FutureAGI’s approach is to ship two factual consistency evaluators because the question can be asked at two granularities. fi.evals.FactualConsistency is the local-metric NLI scorer — it returns a 0-1 score and a per-claim breakdown of consistent, contradicted, neutral, and unverified claims. fi.evals.IsFactuallyConsistent is the cloud-template variant that returns a Pass/Fail gate with an explanation, useful for binary release gates. Both share the same NLI backbone that powers Faithfulness and RAGFaithfulness, so the contradiction-detection behaviour is consistent across the eval surface.

Concretely: a knowledge-bot team building a regression Dataset of 800 reference answers attaches FactualConsistency and re-runs nightly against new model versions. The evaluator returns a 0.87 mean — but the per-claim detail shows 11 contradictions across 800 responses, all on numeric ranges. The team uses the failing rows as a Persona set in simulate-sdk, runs targeted simulations, and tunes a post-guardrail that re-checks numeric claims against the reference before the response leaves the gateway. The same evaluator then gates merges in CI: the build fails if mean factual consistency drops more than 2 points from the baseline.

We have found that NLI-based factual consistency outperforms simple string-matching against references for production traffic — it tolerates paraphrase and surfaces real disagreement instead of penalising legitimate rewrites.

How to Measure or Detect It

Factual consistency is directly measurable when reference answers exist. Wire up:

  • fi.evals.FactualConsistency — local-metric 0-1 score with per-claim contradicted/consistent/neutral breakdown.
  • fi.evals.IsFactuallyConsistent — cloud-template Pass/Fail gate with explanation.
  • fi.evals.ContradictionDetection — narrower metric that returns 1.0 if no contradictions, 0.0 otherwise.
  • fi.evals.GroundTruthMatch — companion metric for direct match against gold.
  • Contradiction count by release (dashboard) — the discrete signal that exposes precision-of-claim regressions.

Minimal Python:

from fi.evals import FactualConsistency

evaluator = FactualConsistency()

result = evaluator.evaluate([{
    "response": "The Eiffel Tower is in Paris and was completed in 1887.",
    "reference": "The Eiffel Tower, located in Paris, was completed in 1889."
}])
print(result.eval_results[0].output, result.eval_results[0].reason)

Common Mistakes

  • Confusing factual consistency with groundedness. Consistency compares to a reference; groundedness compares to retrieved context. The former is for benchmarks; the latter is for RAG.
  • Using exact-match instead of NLI. String matching penalises legitimate paraphrase; NLI tolerates rephrasing while still catching contradictions.
  • Ignoring the contradiction count and reading only the aggregate. A 0.92 score with three flat contradictions is a different problem than a 0.92 score with 30 neutral-but-not-quite-entailed claims.
  • Treating neutral claims as failures. Neutral means the reference does not affirm or deny the claim — that is often legitimate elaboration, not a regression.
  • Letting reference answers go stale. A reference written months ago against an old model behaviour drags consistency scores down once the product moves on. Version your references.

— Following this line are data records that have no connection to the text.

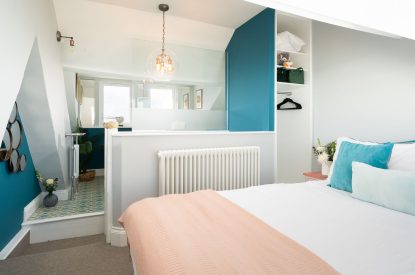 The master bedroom with an en-suite bathroom at Waters Dream, Devon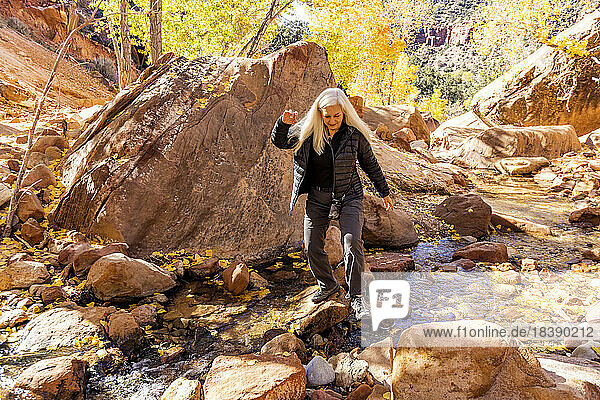 senior blond woman crosses creeks on rocks in Zion National Park Utah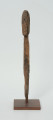 Ujęcie z przodu; Rzeźba. Figura - Nommo - drewniana pałka zakończona głową o cechach antropomorficznych. Umieszczona na drewnianej podstawie.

Frequently Asked Questions

What is factual consistency in LLM evaluation?

Factual consistency is a 0-1 metric that uses NLI to check whether each claim in a response is entailed by, contradicted by, or neutral to a reference answer. Contradictions are penalised heavily.

How is factual consistency different from groundedness?

Factual consistency compares response claims against a reference answer or known-correct text. Groundedness compares response claims against retrieved context. Use factual consistency for benchmarks; use groundedness for RAG.

How do you measure factual consistency?

FutureAGI's fi.evals.FactualConsistency extracts claims from the response, runs NLI entailment and contradiction checks against the reference, and returns a 0-1 score with per-claim status detail.